Contrastive representations of high-dimensional, structured treatments
Oriol Corcoll Andreu, Athanasios Vlontzos, Michael O'Riordan, Ciaran M. Gilligan-Lee
TL;DR
The paper addresses causal effect estimation when treatments are high-dimensional and structured, showing that naïve use of such treatments can bias results due to non-causal latent factors. It introduces a contrastive representation learning approach to extract a causally relevant treatment latent $T_C$, yielding an unbiased CATE $ au(T,T',x) = E(Y\mid do(T),X=x) - E(Y\mid do(T'),X=x)$. The authors prove that the learned representation $\psi(T)$ identifies the causal latents and discards non-causal ones, providing theoretical guarantees via a contrastive framework and Theorem 4.2, and validate the approach on synthetic and real datasets where it outperforms existing methods. This work enables robust causal inference in domains with complex treatments (e.g., text, graphs, molecules) and has practical implications for recommendation systems and drug discovery.
Abstract
Estimating causal effects is vital for decision making. In standard causal effect estimation, treatments are usually binary- or continuous-valued.

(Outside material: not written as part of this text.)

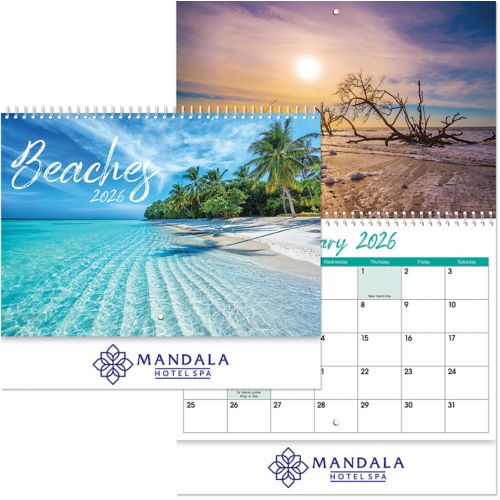 Beaches Spiral Wall Calendar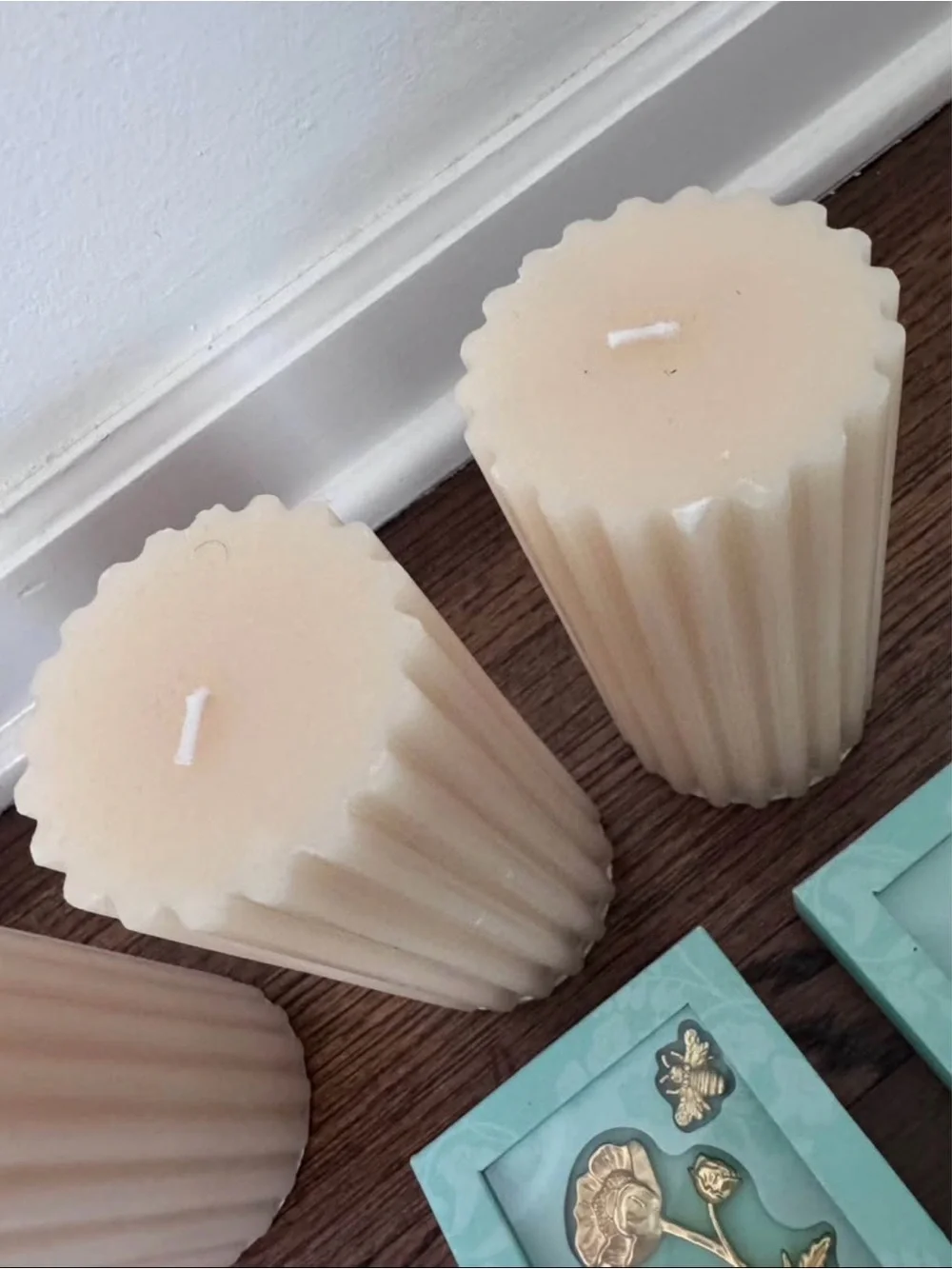 Anthropologie Cream Fluted Pillar Candles with Gold Floral Charms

However, in many important real-world settings, treatments can be structured, high-dimensional objects, such as text, video, or audio. This provides a challenge to traditional causal effect estimation. While leveraging the shared structure across different treatments can help generalize to unseen treatments at test time, we show in this paper that using such structure blindly can lead to biased causal effect estimation. We address this challenge by devising a novel contrastive approach to learn a representation of the high-dimensional treatments, and prove that it identifies underlying causal factors and discards non-causally relevant factors. We prove that this treatment representation leads to unbiased estimates of the causal effect, and empirically validate and benchmark our results on synthetic and real-world datasets.